Phytelephas is a genus containing six known species of dioecious palms (family Arecaceae), occurring from southern Panama along the Andes to Ecuador, Bolivia, Colombia, northwestern Brazil, and Peru. They are commonly known as ivory palms, ivory-nut palms or tagua palms (/ˈtɑːɡwə, ˈtæɡ-/); the scientific name Phytelephas means "plant ivory" or more literally, "plant elephant". This and the first two of the common names refer to the very hard white endosperm of their seeds (tagua nuts or jarina seeds), which resembles elephant ivory.

==Description==
They are medium-sized to tall palms reaching up to 20 m tall, with pinnate leaves. The "nut" is covered with pericarp, which gets removed by animals. The kernel is covered with a brown, flaky skin and shaped like a small avocado, roughly 4–8 cm in diameter. The male plants produce catkins up to 0.9 m in length of male flowers, each bearing up to one thousand stamens, the greatest number of any Monocot.

==Uses==
Given trade restrictions in elephant ivory as well as animal welfare concerns, ivory palm endosperm is often used as a substitute for elephant ivory today, and traded under the names vegetable ivory, palm ivory, marfil-vegetal, corozo, tagua, or jarina. When dried out, it can be carved just like elephant ivory; it is often used for beads, buttons, figurines and jewelry, and can be dyed. More recently, palm ivory has been used in the production of bagpipes.

Vegetable ivory stimulates local economies in South America, provides an alternative to cutting down rainforests for farming, and prevents elephants from being killed for the ivory in their tusks.

In Ecuador, the Ecuadorean ivory palm (P. aequatorialis) is the species whose kernels are widely harvested. The large-fruited ivory palm (P. macrocarpa) is the ivory palm native to Brazil, and most internationally traded palm ivory is derived from this species. The Colombian ivory palm (P. schottii) and P. tenuicaulis, both formerly included in P. macrocarpa, are the usual source of the product in Colombia. The other two species are quite rare and have a restricted range; they are not used for tagua production on a significant scale.

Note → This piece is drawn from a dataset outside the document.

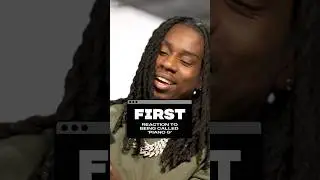 Polo G Reveals His First Reaction To Being Called Piano G‼️😂 #shorts #polog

The kernels are picked up from the ground after the ripe fruit has detached from the tree and forest animals have taken care of the pericarp, or harvested when ripe and the pericarp manually removed. As the nut shrinks when it hardens, a small hollow cavity can form in the center. It is often not possible to know whether the inside of the nut will have a small cavity in the center until it is cut into. Therefore, when carving, it is common to either incorporate the hole or cavity into carvings or not carve deep enough to reach a potential cavity.

In their native range, these palms are also used as a source of food and construction wood.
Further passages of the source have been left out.